El genio del Benny aún andaba oculto dentro de una botella. No llamaba la atención a los que sabían de música. Su primer éxito llegó tras ganar un concurso radiofónico. En la CMQ, en un programa llamado "La Corte Suprema del Arte". Los ganadores eran contratados y se les daba la posibilidad de grabar sus canciones.
Fue cuando obtuvo su primer trabajo estable con el Conjunto Cauto liderado por Mozo Borguellá. También cantó en la emisora CMZ con el sexteto Fígaro de Lázaro Cordero. En 1944, mientras los aliados desembarcaban en Normandía, en plena Segunda Guerra Mundial, Benny Moré debutaba en la emisora Mil Diez, perteneciente al Partido Socialista Popular.
Todos tenemos una oportunidad en la vida. La suerte es saber aprovechar las oportunidades cuando ellas aparecen. Y el Benny la aprovechó. Siro Rodríguez, del fabuloso Trío Matamoros, una tarde lo escuchó cantar en el bar El Templete. Quedó cautivado.
Poco después, tras una indisposición de Miguel Matamoros antes de una actuación, Siro pidió que el Benny lo sustituyera. Y el Sonero Mayor llegó para quedarse. Durante varios años estuvo ligado al Trío Matamoros. Realizó numerosas grabaciones y giras por Cuba y México, donde cantó en dos famosos cabarets de la época, Montparnasse y Río Rosa.
A finales de los años 40, durante toda la década de 1950 y hasta el 19 de febrero de 1963, cuando falleció de una cirrosis hepática, en plena fama, el Bárbaro del Ritmo, fue —y sigue siendo— un ícono. En su patria y en muchos países del continente, que siguen escuchando sus canciones. Todavía no ha surgido nadie con una voz igual o mejor que la suya. Tampoco con su carisma y sabrosura.

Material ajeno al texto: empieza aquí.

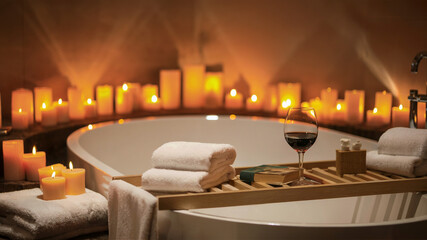 Romantic Spa Bath with Candles and Wine Luxurious Relaxation Experience
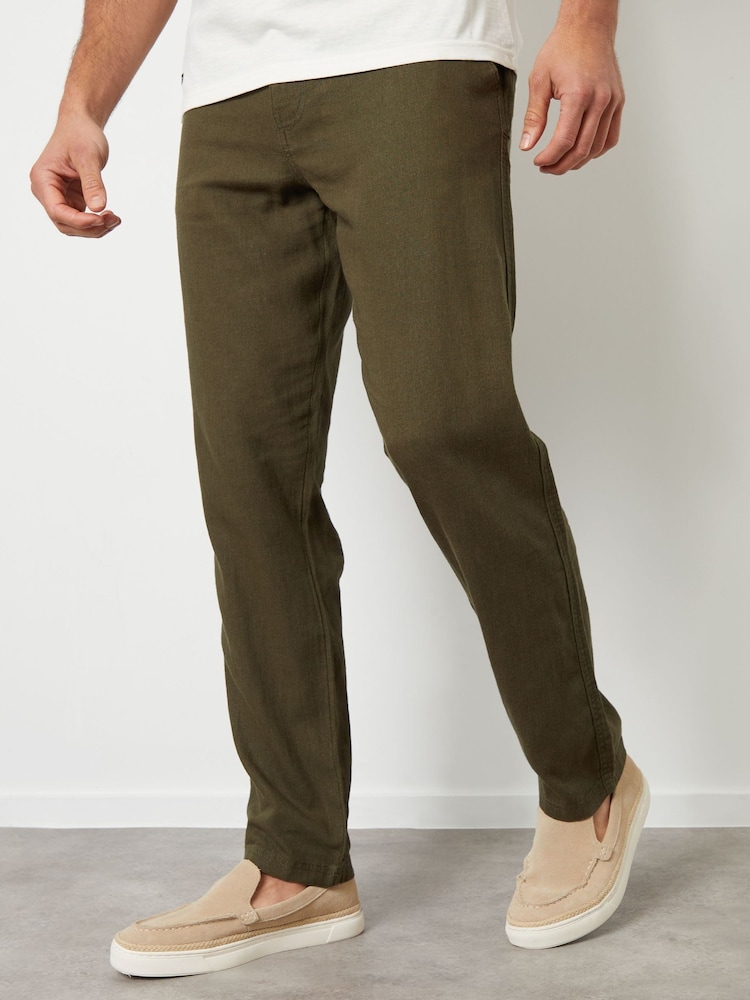 Threadbare Khaki Linen Blend Trousers - Image 1 of 4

En una crónica reciente publicada en El Mundo, Raúl Rivero escribía: "Bartolomé Maximiliano Moré, un negro santo, una leyenda de la música popular, que enseñó en América que el bolero es un poema que se deja bailar, llegó a ser tan informal a la hora de presentarse a trabajar con su banda gigante, que en Cuba, México y Venezuela se anunciaban sus actuaciones en los estadios y plazas públicas con este prodigio de la duda: ¿Vendrá o no vendrá el Benny?"
Sus boleros se inmortalizaron. Las guarachas, montunos y sones están a buen recaudo en un sitio privilegiado de la cultura nacional. En una nación donde la música es casi un estilo de vida, el talento autodidacta del Benny ha marcado a varias generaciones.
Ni el reguetón, la salsa, la timba o la trova. Ni ninguna fusión musical, ha podido relegar en la memoria al inmenso Benny Moré. Un hombre de la calle que hizo del Alí Bar, en Avenida Dolores y Carretera del Lucero, en la barriada habanera de Lawton, su trono y su cátedra.
Cincuenta años después de su muerte, los que seguimos en Cuba y también aquellos que duermen con el Malecón debajo de la almohada, no lo olvidamos. Genio y figura. Hasta la sepultura.